Exercise brief
Repeat every record exactly as written.

....................

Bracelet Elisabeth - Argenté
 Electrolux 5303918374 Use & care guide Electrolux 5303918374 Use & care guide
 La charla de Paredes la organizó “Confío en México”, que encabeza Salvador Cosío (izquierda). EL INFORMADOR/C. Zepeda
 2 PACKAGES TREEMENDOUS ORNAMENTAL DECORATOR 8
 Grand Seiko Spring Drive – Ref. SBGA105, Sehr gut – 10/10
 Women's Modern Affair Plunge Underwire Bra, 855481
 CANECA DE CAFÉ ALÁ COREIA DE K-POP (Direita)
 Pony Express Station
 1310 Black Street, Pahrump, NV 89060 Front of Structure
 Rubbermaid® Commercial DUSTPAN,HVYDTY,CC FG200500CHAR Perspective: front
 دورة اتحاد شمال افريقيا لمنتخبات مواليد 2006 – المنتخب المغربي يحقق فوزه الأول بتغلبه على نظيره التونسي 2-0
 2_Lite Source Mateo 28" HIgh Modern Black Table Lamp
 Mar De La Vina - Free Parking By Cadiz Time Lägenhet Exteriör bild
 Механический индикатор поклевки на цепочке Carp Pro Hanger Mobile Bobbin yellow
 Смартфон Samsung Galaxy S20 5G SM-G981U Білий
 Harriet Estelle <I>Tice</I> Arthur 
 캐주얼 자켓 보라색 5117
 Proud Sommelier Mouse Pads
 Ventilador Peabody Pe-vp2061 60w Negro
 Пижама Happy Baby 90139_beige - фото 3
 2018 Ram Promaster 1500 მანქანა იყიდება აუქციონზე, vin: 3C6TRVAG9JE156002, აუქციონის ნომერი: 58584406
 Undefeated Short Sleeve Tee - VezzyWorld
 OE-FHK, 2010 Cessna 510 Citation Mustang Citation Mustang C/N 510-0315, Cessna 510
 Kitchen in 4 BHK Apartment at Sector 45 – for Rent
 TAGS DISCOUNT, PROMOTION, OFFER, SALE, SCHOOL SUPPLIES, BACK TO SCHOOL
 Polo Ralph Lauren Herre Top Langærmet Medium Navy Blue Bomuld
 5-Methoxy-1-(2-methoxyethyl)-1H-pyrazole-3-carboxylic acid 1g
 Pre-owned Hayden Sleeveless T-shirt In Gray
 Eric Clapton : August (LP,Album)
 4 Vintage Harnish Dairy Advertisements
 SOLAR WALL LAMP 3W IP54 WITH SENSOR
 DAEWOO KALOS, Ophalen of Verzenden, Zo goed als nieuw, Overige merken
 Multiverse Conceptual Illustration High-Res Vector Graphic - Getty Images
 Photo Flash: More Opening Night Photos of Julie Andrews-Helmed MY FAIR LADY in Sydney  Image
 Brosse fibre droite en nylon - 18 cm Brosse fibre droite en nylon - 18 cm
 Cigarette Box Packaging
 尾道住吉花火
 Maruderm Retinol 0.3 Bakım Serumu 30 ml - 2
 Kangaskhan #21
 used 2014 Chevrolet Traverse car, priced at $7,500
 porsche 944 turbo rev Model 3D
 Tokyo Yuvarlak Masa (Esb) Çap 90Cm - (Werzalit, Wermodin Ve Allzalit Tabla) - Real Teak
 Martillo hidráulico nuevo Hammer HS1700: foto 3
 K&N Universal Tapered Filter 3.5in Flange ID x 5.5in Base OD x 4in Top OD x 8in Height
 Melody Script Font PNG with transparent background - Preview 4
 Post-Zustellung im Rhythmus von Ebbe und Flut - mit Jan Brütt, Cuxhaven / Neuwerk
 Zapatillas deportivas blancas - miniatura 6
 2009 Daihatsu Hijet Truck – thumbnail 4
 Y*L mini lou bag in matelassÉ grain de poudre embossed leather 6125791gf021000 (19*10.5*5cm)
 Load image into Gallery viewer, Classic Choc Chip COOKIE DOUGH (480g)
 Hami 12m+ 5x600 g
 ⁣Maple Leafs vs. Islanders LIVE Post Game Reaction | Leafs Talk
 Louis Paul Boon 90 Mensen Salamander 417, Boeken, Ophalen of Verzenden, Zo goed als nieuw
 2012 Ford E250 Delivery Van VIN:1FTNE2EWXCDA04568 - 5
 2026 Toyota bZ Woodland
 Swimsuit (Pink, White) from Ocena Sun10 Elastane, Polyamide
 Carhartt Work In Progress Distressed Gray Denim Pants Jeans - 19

....................

Exercise result
Bracelet Elisabeth - Argenté
 Electrolux 5303918374 Use & care guide Electrolux 5303918374 Use & care guide
 La charla de Paredes la organizó “Confío en México”, que encabeza Salvador Cosío (izquierda). EL INFORMADOR/C. Zepeda
 2 PACKAGES TREEMENDOUS ORNAMENTAL DECORATOR 8
 Grand Seiko Spring Drive – Ref. SBGA105, Sehr gut – 10/10
 Women's Modern Affair Plunge Underwire Bra, 855481
 CANECA DE CAFÉ ALÁ COREIA DE K-POP (Direita)
 Pony Express Station
 1310 Black Street, Pahrump, NV 89060 Front of Structure
 Rubbermaid® Commercial DUSTPAN,HVYDTY,CC FG200500CHAR Perspective: front
 دورة اتحاد شمال افريقيا لمنتخبات مواليد 2006 – المنتخب المغربي يحقق فوزه الأول بتغلبه على نظيره التونسي 2-0
 2_Lite Source Mateo 28" HIgh Modern Black Table Lamp
 Mar De La Vina - Free Parking By Cadiz Time Lägenhet Exteriör bild
 Механический индикатор поклевки на цепочке Carp Pro Hanger Mobile Bobbin yellow
 Смартфон Samsung Galaxy S20 5G SM-G981U Білий
 Harriet Estelle <I>Tice</I> Arthur 
 캐주얼 자켓 보라색 5117
 Proud Sommelier Mouse Pads
 Ventilador Peabody Pe-vp2061 60w Negro
 Пижама Happy Baby 90139_beige - фото 3
 2018 Ram Promaster 1500 მანქანა იყიდება აუქციონზე, vin: 3C6TRVAG9JE156002, აუქციონის ნომერი: 58584406
 Undefeated Short Sleeve Tee - VezzyWorld
 OE-FHK, 2010 Cessna 510 Citation Mustang Citation Mustang C/N 510-0315, Cessna 510
 Kitchen in 4 BHK Apartment at Sector 45 – for Rent
 TAGS DISCOUNT, PROMOTION, OFFER, SALE, SCHOOL SUPPLIES, BACK TO SCHOOL
 Polo Ralph Lauren Herre Top Langærmet Medium Navy Blue Bomuld
 5-Methoxy-1-(2-methoxyethyl)-1H-pyrazole-3-carboxylic acid 1g
 Pre-owned Hayden Sleeveless T-shirt In Gray
 Eric Clapton : August (LP,Album)
 4 Vintage Harnish Dairy Advertisements
 SOLAR WALL LAMP 3W IP54 WITH SENSOR
 DAEWOO KALOS, Ophalen of Verzenden, Zo goed als nieuw, Overige merken
 Multiverse Conceptual Illustration High-Res Vector Graphic - Getty Images
 Photo Flash: More Opening Night Photos of Julie Andrews-Helmed MY FAIR LADY in Sydney  Image
 Brosse fibre droite en nylon - 18 cm Brosse fibre droite en nylon - 18 cm
 Cigarette Box Packaging
 尾道住吉花火
 Maruderm Retinol 0.3 Bakım Serumu 30 ml - 2
 Kangaskhan #21
 used 2014 Chevrolet Traverse car, priced at $7,500
 porsche 944 turbo rev Model 3D
 Tokyo Yuvarlak Masa (Esb) Çap 90Cm - (Werzalit, Wermodin Ve Allzalit Tabla) - Real Teak
 Martillo hidráulico nuevo Hammer HS1700: foto 3
 K&N Universal Tapered Filter 3.5in Flange ID x 5.5in Base OD x 4in Top OD x 8in Height
 Melody Script Font PNG with transparent background - Preview 4
 Post-Zustellung im Rhythmus von Ebbe und Flut - mit Jan Brütt, Cuxhaven / Neuwerk
 Zapatillas deportivas blancas - miniatura 6
 2009 Daihatsu Hijet Truck – thumbnail 4
 Y*L mini lou bag in matelassÉ grain de poudre embossed leather 6125791gf021000 (19*10.5*5cm)
 Load image into Gallery viewer, Classic Choc Chip COOKIE DOUGH (480g)
 Hami 12m+ 5x600 g
 ⁣Maple Leafs vs. Islanders LIVE Post Game Reaction | Leafs Talk
 Louis Paul Boon 90 Mensen Salamander 417, Boeken, Ophalen of Verzenden, Zo goed als nieuw
 2012 Ford E250 Delivery Van VIN:1FTNE2EWXCDA04568 - 5
 2026 Toyota bZ Woodland
 Swimsuit (Pink, White) from Ocena Sun10 Elastane, Polyamide
 Carhartt Work In Progress Distressed Gray Denim Pants Jeans - 19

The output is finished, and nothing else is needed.